Walking to a Better Future: Survivance in “Pedagogy”

Throughout the years, indigenous and queer people have had to try and survive both in terms of actually living and in terms of representation in a world that does not want them. In Qwo-Li Driskill’s poem “Pedagogy” this sense of survival and trying to move forward is evident in the language used, specifically in the opening of the poem. Driskill opens with two quotes whose central theme is walking, one by Deborah Miranda, an Ohlone-Costanoan Esselen poet, and the other by Chrystos, a Menominee and two-spirit poet. These two quotes are connected through their common theme of walking.

“… I am still learning how to

walk in this world

without getting caught.”

Chrystos’ quote uses walking as how we move through our everyday lives.
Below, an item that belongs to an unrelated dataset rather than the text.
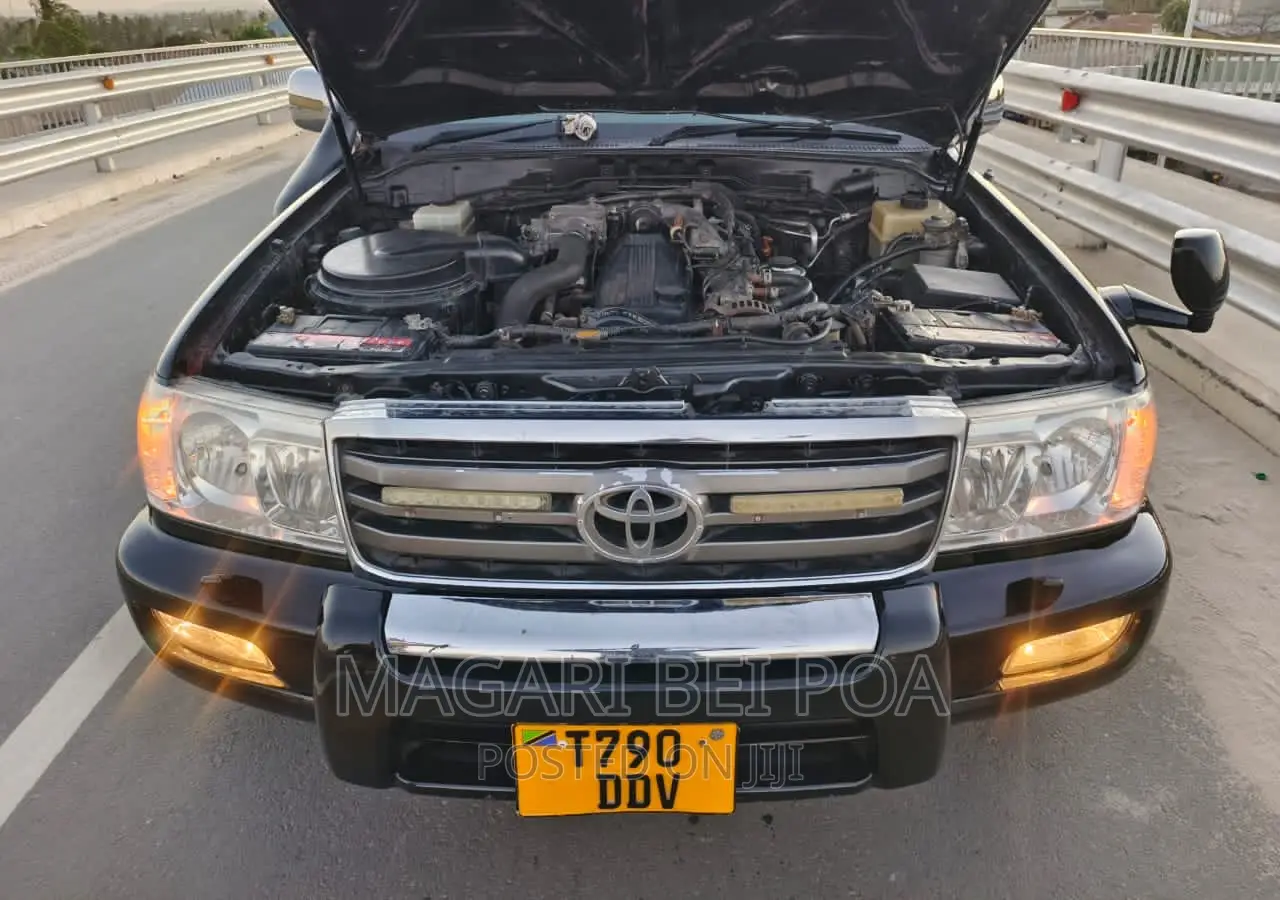Toyota Land Cruiser 2005 Black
Specifically, this quote can be representative of what it means to be Indigenous, queer, or any other minority in a society where minorities are not always accepted. They’ve had to hid parts of who they are and learn how to get through live “without getting caught” or face sometimes deadly consequences. It is about survival and getting to the point where they no longer have to hid their full identity.

“We walk

alongside power, or

through it—carrying

our illnesses, fearing all

giving has gone to

grave.”

Miranda begin her passage with the image of walking next to or through power. Walking implies moving forward and leaving the past behind to start fresh. By being beside power, it could mean that they, whoever “we” refers to, is getting closer to being equal to those with power. But what is interesting about this is that the second part of the quote brings in the image of “carrying our illnesses” that part of the past cannot be left behind and travels with individuals even as they move forward. Indigenous and queer people carry with them a long and painful history. They’ve had to carry that burden to get them to a place of power today, however I would not say that they hold equal power yet. They have sacrificed so much, so there is that underlying fear that “all giving has gone to the grave,” that all the sacrifices have led to very little improvement. But That fear has not stopped the walking, as shown by the present tense of the word, meaning that they are still there, not just as an image of survival but survivance.
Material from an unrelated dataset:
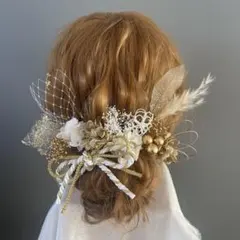 エレガントなゴールドホワイトヘアピン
Driskill chose to begin their poem, not with their own words but with the words of two Indigenous and two spirit activists and poets. Both speak of walk as how people move through life and toward the future. By beginning with these quotes before then leading into a poem that focuses on survival, Driskill is able to show two different perspectives on the future. One looks to merely surviving by hiding. The other acknowledges the difficult past but looks to not just survival but survivance, where the group is thriving.
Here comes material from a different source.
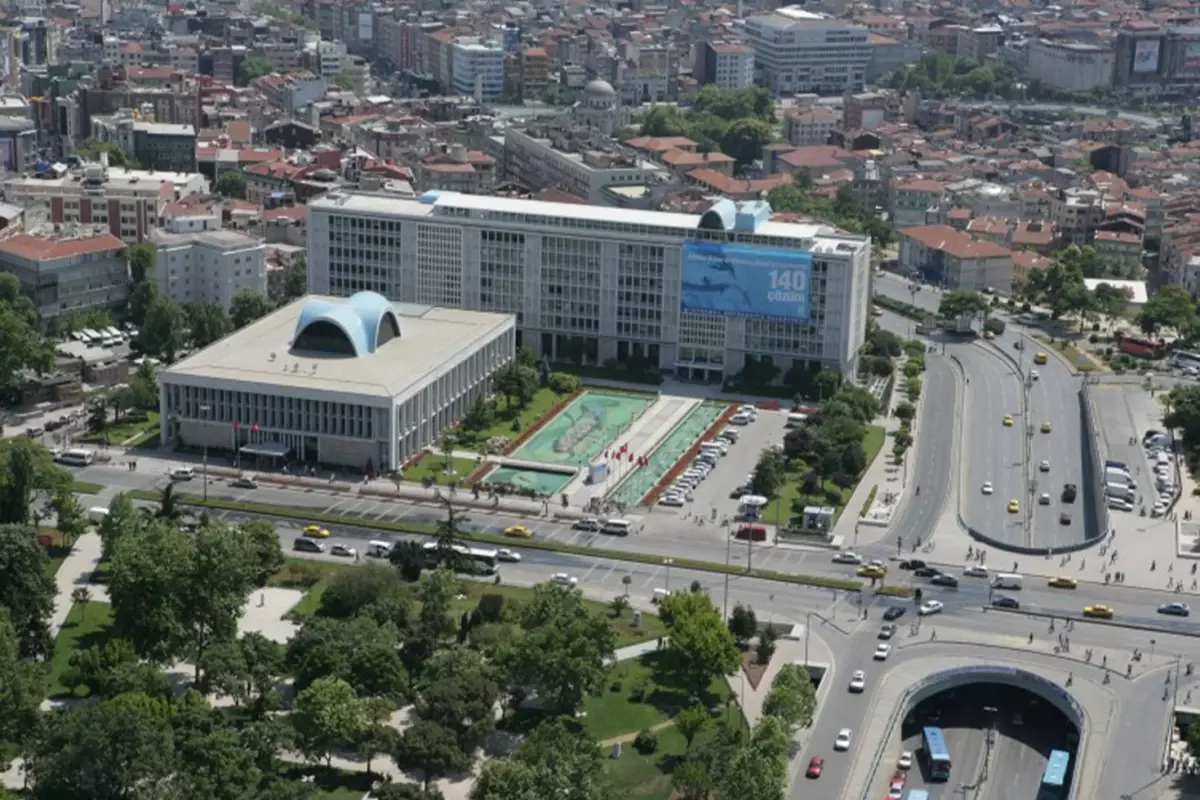 İBB soruşturmasında 3 isim daha itirafçı oldu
2 thoughts on “Walking to a Better Future: Survivance in “Pedagogy””

  1. Hi! First of all, I found your interpretation of Qwo-Li Driskill’s poem “Pedagogy” to be incredibly insightful. Although I didn’t write about this poem, and instead focused on a specific stanza in Walt Whitman’s Song of Myself, I found several connections in how the stanza I analyzed relates to your analysis. I wrote about the stanza in Song of Myself that says, “I merely stir, press, feel with my fingers, and am happy,/To touch my person to some one else’s is about as much as I can stand” and interpreted these words as Whitman’s ode to the joy of purely existing in the body and the world. I found this stanza to relate to your study of Pedagogy because of the shared theme both share of showing existence through a daily, monotonous task such as walking or, in my stanza, waking up. Although both poets experienced very different lives, there is a shared focus on moving through existences, and the joys and challenges of moving through life. They both also share a focus of looking towards the future and finding the happiness and hope that is to come. The themes of privilege and thriving seem to be apparent in both poems, as both play with how privilege is inherently existent in existence but also with how privilege is not universal and that it is important to recognize that surviving and thriving is not the same and, thus, do not quantify equally on the ‘scale’ of privilege.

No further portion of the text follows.